(DATASET):
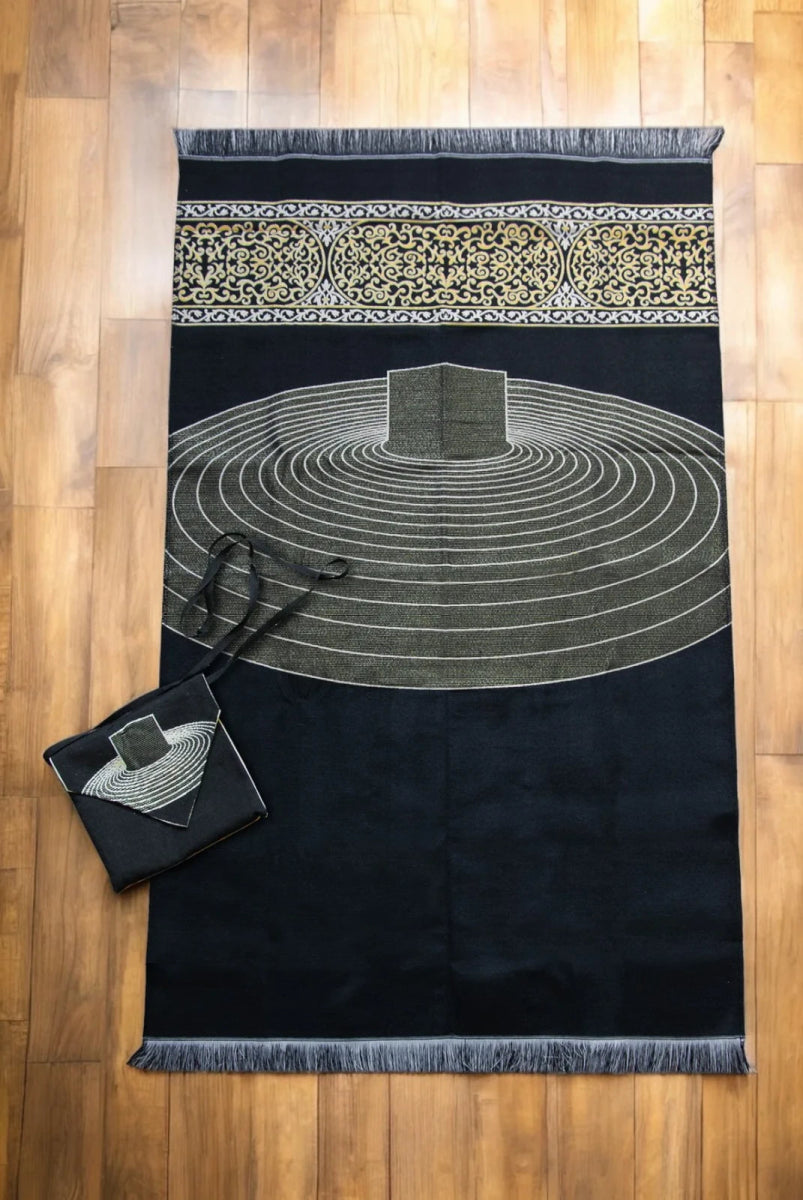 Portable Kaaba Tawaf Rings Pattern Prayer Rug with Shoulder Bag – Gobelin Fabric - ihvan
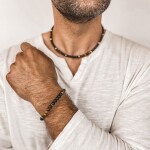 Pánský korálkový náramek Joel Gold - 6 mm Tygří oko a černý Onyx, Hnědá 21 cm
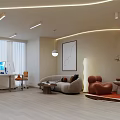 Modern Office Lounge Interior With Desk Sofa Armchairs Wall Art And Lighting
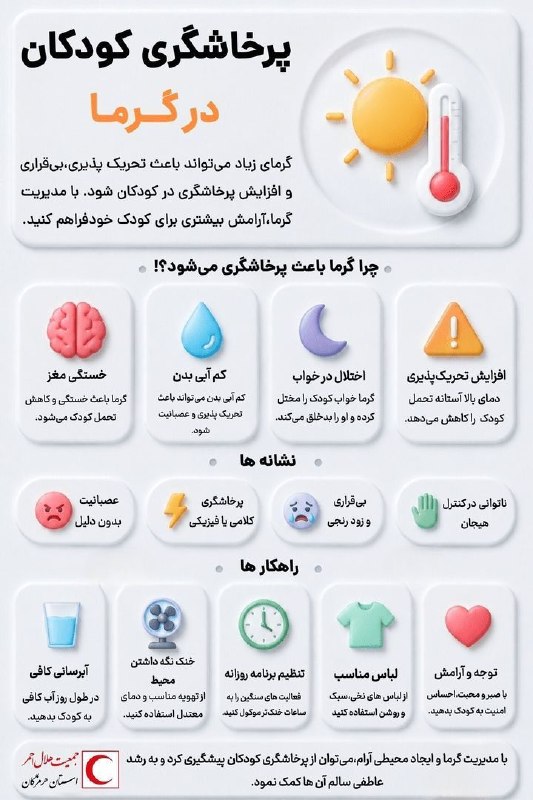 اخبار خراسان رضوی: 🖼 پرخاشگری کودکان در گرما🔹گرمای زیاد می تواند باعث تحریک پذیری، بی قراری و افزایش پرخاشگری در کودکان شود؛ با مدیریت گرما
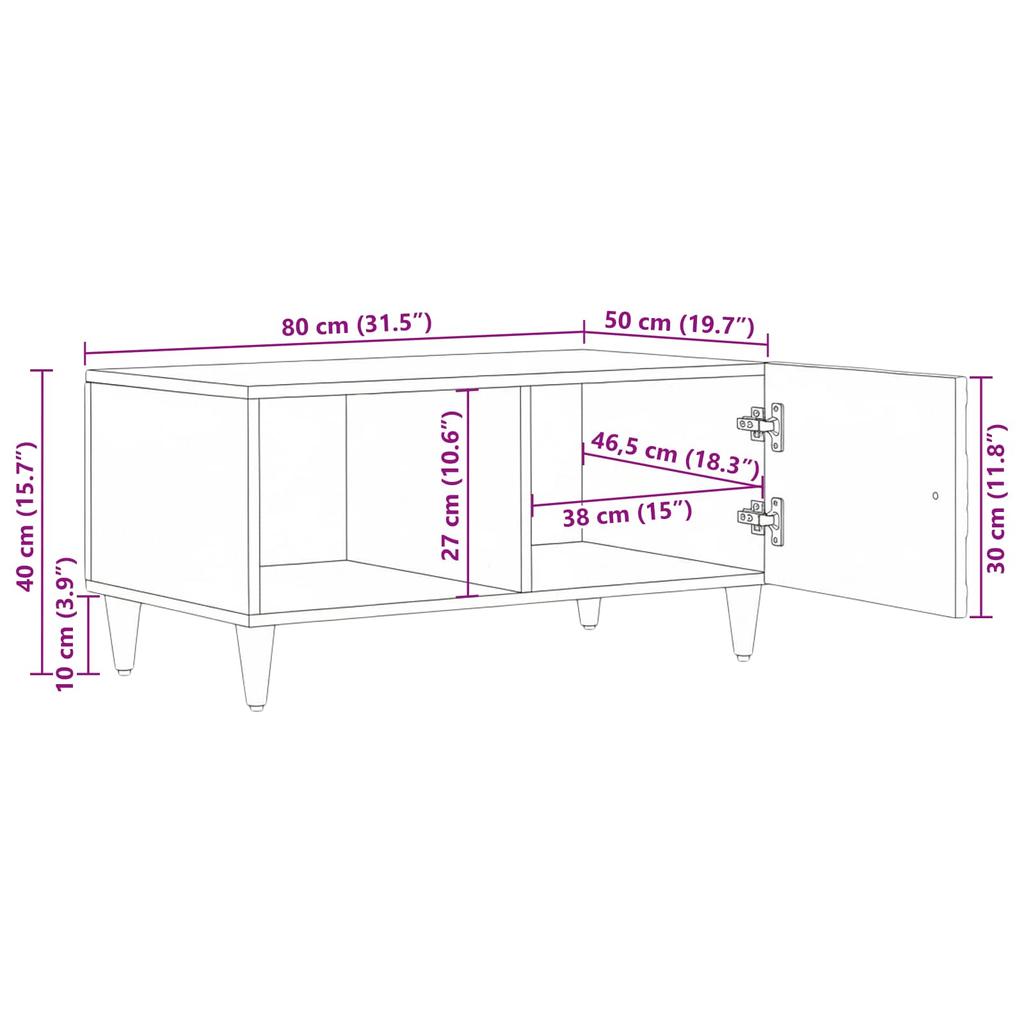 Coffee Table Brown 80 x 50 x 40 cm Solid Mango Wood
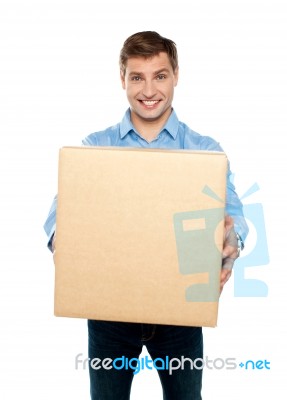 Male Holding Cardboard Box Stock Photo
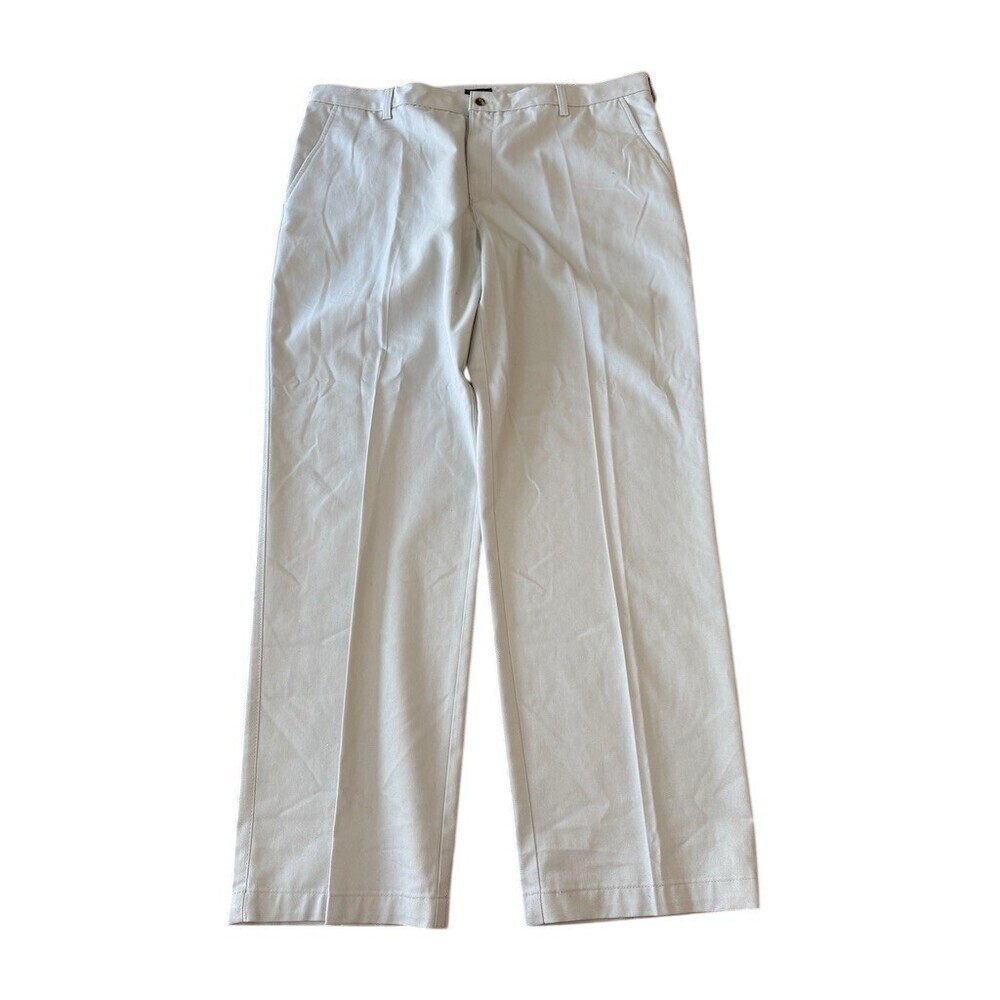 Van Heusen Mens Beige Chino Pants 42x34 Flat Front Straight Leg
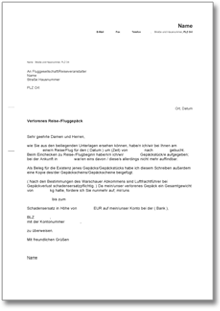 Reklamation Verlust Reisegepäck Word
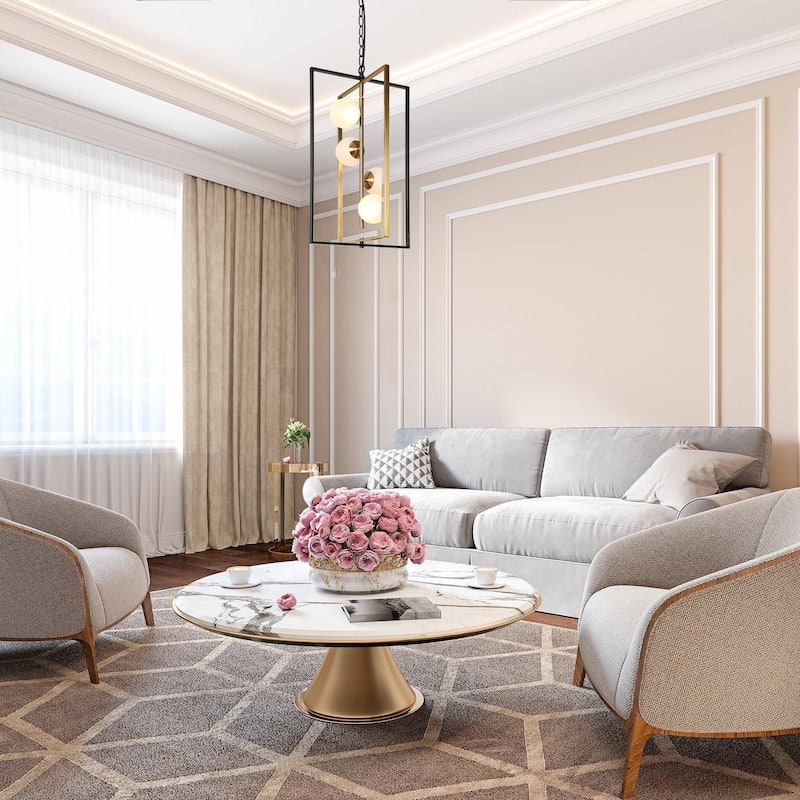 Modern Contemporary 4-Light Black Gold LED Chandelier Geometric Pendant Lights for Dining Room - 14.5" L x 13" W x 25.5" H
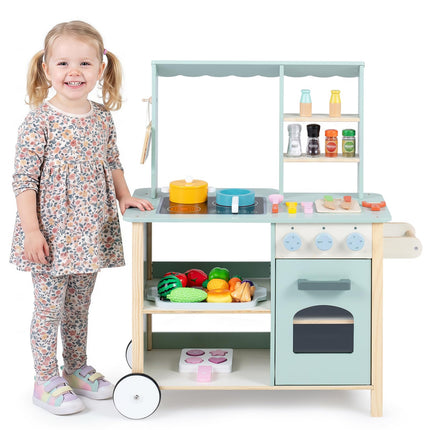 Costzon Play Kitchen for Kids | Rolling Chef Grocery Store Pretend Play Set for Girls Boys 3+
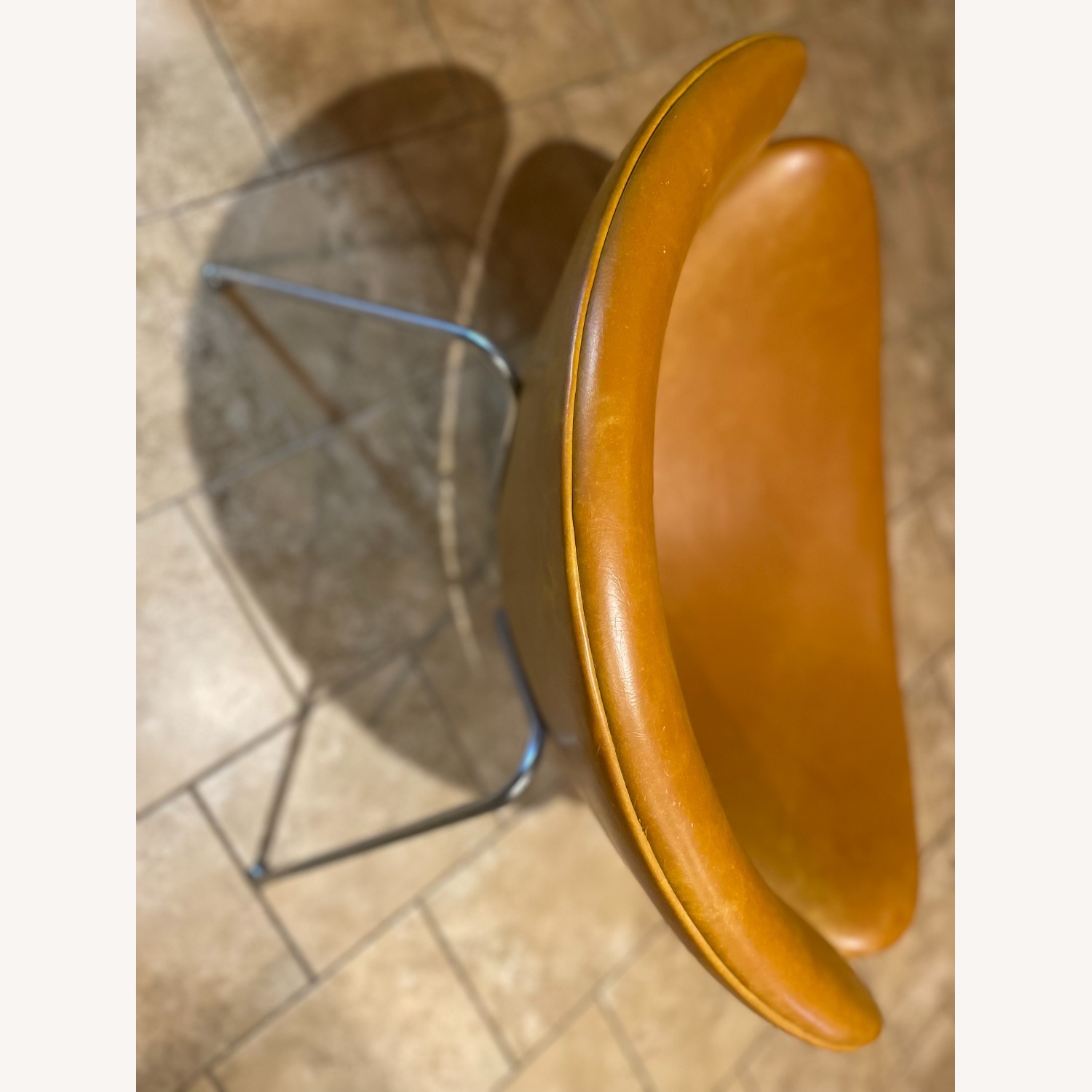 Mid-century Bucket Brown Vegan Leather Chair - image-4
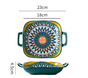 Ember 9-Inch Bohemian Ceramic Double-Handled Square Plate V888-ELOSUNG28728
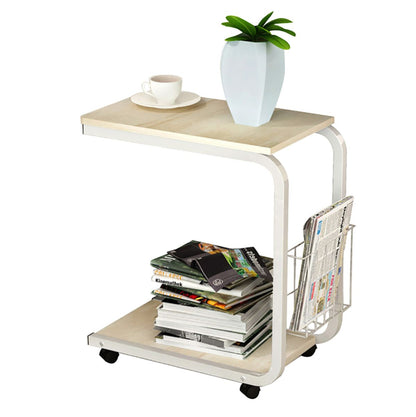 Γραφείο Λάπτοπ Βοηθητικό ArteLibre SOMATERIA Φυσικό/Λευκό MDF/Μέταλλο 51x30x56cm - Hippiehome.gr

(TASK): Set every entry down again exactly as written, and omit the images.

(ANSWER FOR THIS EXERCISE):
 Portable Kaaba Tawaf Rings Pattern Prayer Rug with Shoulder Bag – Gobelin Fabric - ihvan
 Pánský korálkový náramek Joel Gold - 6 mm Tygří oko a černý Onyx, Hnědá 21 cm
 Modern Office Lounge Interior With Desk Sofa Armchairs Wall Art And Lighting
 اخبار خراسان رضوی: 🖼 پرخاشگری کودکان در گرما🔹گرمای زیاد می تواند باعث تحریک پذیری، بی قراری و افزایش پرخاشگری در کودکان شود؛ با مدیریت گرما
 Coffee Table Brown 80 x 50 x 40 cm Solid Mango Wood
 Male Holding Cardboard Box Stock Photo
 Van Heusen Mens Beige Chino Pants 42x34 Flat Front Straight Leg
 Reklamation Verlust Reisegepäck Word
 Modern Contemporary 4-Light Black Gold LED Chandelier Geometric Pendant Lights for Dining Room - 14.5" L x 13" W x 25.5" H
 Costzon Play Kitchen for Kids | Rolling Chef Grocery Store Pretend Play Set for Girls Boys 3+
 Mid-century Bucket Brown Vegan Leather Chair - image-4
 Ember 9-Inch Bohemian Ceramic Double-Handled Square Plate V888-ELOSUNG28728
 Γραφείο Λάπτοπ Βοηθητικό ArteLibre SOMATERIA Φυσικό/Λευκό MDF/Μέταλλο 51x30x56cm - Hippiehome.gr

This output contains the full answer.